Earlier this month, the Intergovernmental Panel on Climate Change (IIPC, for short) released a shocking (or maybe not so shocking) special report detailing the findings that if more is not done about global climate change–and soon–there will most likely be disastrous results in the very near future. Previous reports by the IIPC concluded that a global increase in temperature of 2º Celsius above pre-industrial levels could result in catastrophic effects, but this most recent report found that catastrophe will occur at the even lower threshold of 1.5º Celsius, a number that the scientists on the IIPC predict that we will reach in just over twenty years. Alarmingly, attempts to stop the average global temperature from rising above 1.5º Celsius will be next to impossible. According to an IIPC press-release, “limiting global warming to 1.5ºC would require rapid, far-reaching and unprecedented changes in all aspects of society.” One idea, reiterated by Coral Davenport in her New York Times article “Major Climate Report Describes a Strong Risk of Crisis as Early as 2040”, would be to apply a large tax on carbon dioxide emission. Though fixes like this are technically possible, these changes would require political action and cooperation at a scale perhaps never seen before in the US and in many other countries, as they would negatively impact the global economy–though not nearly as significantly as a 1.5ºC increase in global temperature would.

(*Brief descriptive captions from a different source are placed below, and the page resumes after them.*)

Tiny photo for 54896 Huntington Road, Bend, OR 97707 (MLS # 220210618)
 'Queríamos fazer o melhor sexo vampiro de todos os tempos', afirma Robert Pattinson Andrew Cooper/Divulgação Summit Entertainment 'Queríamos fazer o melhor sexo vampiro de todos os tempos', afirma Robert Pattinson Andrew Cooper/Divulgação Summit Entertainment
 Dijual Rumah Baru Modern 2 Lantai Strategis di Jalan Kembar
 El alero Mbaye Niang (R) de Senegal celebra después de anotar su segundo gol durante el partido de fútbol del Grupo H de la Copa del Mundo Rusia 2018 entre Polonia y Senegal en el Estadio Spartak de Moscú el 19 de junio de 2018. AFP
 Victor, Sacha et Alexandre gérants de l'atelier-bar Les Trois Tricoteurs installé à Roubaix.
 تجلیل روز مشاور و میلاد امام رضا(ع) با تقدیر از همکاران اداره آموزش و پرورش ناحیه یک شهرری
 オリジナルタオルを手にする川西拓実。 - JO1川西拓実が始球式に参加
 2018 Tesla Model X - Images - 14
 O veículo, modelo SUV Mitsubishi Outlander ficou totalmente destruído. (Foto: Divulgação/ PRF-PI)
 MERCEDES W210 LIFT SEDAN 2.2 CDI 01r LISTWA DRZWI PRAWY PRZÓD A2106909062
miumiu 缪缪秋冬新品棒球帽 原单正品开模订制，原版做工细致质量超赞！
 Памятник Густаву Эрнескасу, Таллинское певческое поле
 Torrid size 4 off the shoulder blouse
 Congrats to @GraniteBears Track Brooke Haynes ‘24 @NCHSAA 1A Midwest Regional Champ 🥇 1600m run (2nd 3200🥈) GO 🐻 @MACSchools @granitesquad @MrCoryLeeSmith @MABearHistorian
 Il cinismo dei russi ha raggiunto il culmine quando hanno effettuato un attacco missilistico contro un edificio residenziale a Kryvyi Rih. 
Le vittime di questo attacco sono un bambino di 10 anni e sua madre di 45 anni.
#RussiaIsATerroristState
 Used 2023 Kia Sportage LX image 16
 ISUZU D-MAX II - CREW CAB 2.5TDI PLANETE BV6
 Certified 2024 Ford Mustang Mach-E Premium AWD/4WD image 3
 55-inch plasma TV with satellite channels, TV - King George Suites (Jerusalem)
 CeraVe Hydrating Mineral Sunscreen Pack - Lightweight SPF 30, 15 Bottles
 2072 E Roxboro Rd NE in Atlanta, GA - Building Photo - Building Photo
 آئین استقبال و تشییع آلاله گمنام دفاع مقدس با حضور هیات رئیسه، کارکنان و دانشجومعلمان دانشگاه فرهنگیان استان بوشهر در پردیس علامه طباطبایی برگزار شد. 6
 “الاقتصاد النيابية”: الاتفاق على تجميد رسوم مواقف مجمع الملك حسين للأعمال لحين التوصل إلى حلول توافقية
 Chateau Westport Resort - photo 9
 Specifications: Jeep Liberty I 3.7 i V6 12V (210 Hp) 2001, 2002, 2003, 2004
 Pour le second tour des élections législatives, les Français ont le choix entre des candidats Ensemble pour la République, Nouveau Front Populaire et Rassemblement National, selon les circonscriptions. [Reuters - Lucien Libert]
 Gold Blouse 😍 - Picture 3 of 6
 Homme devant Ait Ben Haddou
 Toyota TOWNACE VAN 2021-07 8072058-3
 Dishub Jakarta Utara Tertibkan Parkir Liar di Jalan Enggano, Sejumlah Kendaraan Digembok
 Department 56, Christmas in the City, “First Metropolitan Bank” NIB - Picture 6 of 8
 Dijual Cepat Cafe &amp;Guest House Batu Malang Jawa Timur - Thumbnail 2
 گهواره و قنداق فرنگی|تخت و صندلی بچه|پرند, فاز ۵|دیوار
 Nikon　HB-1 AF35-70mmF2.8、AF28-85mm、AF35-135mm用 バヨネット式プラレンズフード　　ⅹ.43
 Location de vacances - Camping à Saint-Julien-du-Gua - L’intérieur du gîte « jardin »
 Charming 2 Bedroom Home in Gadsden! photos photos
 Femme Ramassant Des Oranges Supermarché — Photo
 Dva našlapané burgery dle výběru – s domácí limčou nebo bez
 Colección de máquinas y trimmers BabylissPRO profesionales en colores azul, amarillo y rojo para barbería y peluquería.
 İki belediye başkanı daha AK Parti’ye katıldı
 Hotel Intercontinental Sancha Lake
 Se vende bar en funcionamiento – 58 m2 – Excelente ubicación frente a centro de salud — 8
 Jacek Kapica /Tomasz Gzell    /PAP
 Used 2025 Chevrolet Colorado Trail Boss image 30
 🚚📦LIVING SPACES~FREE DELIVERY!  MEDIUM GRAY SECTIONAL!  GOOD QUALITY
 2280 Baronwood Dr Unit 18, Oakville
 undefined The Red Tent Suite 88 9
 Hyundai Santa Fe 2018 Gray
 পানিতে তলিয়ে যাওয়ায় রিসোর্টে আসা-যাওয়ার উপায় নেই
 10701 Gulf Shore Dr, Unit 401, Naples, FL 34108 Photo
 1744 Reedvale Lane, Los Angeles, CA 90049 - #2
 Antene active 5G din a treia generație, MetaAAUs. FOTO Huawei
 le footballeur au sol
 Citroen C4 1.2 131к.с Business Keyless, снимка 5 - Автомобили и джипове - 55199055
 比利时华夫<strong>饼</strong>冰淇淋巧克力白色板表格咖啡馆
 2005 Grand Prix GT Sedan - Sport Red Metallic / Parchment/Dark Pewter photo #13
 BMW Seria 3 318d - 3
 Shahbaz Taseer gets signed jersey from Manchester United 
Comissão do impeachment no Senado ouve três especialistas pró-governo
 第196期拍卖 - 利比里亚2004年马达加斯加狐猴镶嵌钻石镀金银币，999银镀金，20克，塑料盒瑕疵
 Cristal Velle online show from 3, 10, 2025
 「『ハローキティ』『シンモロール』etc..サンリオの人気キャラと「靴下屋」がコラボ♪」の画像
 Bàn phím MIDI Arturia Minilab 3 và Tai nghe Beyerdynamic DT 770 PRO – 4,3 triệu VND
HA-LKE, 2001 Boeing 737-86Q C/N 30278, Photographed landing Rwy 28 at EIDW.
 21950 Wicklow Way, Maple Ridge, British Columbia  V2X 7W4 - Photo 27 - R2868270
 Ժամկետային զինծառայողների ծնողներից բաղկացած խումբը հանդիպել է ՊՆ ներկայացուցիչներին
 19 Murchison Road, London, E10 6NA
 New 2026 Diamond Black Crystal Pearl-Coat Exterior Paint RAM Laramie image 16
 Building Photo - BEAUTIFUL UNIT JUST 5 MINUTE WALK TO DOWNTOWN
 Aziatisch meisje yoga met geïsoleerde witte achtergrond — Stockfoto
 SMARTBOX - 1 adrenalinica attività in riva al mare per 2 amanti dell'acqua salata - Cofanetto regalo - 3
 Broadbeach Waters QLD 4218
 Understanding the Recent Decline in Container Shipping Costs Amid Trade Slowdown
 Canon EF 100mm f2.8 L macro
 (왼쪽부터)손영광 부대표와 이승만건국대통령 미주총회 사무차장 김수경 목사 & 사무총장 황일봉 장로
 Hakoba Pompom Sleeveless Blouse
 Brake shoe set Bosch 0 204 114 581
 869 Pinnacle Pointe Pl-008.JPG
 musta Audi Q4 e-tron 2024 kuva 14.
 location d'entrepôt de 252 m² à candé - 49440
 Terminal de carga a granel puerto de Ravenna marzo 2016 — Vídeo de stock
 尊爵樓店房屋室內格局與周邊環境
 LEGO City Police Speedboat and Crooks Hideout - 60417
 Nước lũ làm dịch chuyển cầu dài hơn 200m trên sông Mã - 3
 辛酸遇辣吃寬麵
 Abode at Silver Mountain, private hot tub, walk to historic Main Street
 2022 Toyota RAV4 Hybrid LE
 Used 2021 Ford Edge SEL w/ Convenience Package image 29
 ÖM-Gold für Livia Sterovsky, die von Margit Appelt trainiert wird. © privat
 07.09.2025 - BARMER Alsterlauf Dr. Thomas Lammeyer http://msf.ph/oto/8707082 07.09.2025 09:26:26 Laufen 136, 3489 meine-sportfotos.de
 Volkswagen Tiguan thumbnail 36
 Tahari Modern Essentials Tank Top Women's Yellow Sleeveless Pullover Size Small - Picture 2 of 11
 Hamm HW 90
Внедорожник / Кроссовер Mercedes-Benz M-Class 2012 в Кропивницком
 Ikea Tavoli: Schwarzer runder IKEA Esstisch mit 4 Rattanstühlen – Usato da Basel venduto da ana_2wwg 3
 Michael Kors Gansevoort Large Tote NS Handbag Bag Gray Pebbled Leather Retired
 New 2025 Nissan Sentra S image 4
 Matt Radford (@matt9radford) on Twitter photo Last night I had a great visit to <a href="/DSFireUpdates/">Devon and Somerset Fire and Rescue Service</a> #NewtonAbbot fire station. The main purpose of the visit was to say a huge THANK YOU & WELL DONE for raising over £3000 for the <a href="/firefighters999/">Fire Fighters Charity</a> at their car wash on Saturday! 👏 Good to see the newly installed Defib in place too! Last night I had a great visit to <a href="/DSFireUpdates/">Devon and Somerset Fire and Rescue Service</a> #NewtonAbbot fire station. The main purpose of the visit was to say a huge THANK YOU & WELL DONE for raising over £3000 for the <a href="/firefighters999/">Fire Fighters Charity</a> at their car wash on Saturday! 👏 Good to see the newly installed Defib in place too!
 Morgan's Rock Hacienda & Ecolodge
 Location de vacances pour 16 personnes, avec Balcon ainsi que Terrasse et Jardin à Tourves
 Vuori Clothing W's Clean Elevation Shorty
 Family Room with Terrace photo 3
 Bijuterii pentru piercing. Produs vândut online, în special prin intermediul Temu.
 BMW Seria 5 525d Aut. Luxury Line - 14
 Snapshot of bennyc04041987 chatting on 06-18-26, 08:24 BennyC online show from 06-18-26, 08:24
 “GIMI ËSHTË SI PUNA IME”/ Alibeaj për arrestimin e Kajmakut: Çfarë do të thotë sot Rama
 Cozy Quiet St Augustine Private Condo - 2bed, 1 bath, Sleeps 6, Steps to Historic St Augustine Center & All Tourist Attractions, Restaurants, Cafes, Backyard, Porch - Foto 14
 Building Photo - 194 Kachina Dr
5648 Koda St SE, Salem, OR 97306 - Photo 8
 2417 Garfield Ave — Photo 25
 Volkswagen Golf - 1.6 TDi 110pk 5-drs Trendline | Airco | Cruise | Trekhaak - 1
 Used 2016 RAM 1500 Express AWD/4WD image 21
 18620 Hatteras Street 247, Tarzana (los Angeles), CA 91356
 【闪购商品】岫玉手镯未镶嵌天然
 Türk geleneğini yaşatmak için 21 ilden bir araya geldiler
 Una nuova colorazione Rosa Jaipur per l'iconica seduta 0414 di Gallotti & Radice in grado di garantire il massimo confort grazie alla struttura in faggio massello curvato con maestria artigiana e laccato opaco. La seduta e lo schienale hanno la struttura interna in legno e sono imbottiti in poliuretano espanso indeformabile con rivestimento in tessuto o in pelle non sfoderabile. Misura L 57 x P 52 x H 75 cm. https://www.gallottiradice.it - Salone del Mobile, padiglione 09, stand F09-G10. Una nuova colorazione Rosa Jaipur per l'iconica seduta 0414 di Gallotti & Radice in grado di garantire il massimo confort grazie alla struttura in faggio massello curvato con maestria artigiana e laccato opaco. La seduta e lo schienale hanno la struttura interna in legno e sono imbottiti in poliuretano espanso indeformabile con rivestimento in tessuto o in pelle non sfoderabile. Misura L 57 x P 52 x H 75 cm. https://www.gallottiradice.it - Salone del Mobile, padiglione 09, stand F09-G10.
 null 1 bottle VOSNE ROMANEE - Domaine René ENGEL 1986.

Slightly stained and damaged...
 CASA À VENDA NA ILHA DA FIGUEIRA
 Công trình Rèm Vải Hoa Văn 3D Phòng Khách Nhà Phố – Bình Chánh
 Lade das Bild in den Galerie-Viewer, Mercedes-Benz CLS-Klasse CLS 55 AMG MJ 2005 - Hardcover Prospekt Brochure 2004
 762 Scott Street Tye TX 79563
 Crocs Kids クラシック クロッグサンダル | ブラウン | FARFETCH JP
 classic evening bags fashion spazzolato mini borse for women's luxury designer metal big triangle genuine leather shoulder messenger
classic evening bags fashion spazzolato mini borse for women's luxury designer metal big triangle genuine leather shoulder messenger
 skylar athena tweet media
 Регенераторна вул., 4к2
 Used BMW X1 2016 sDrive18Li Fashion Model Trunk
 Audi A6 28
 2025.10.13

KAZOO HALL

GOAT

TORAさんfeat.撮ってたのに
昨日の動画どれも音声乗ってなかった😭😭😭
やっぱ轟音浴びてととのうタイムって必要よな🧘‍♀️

Historically, climate change wasn’t discussed nearly as much as it has been in more recent years, especially by the mainstream, but that’s not to say that it’s an entirely new field of study. Discoveries related to climate science date back at least to 1861, when influential physicist of the day John Tyndall, after experimenting with atmospheric gases and manner by which they absorb heat, “announced […] that any changes to the constitution of the atmosphere ‘would produce great effects on the terrestrial rays and produce corresponding changes of  climate'” (Reidy 13). Examples like this provide evidence against the claim that climate science is still in it’s infancy, and that it in fact should be taken more seriously than many wish to.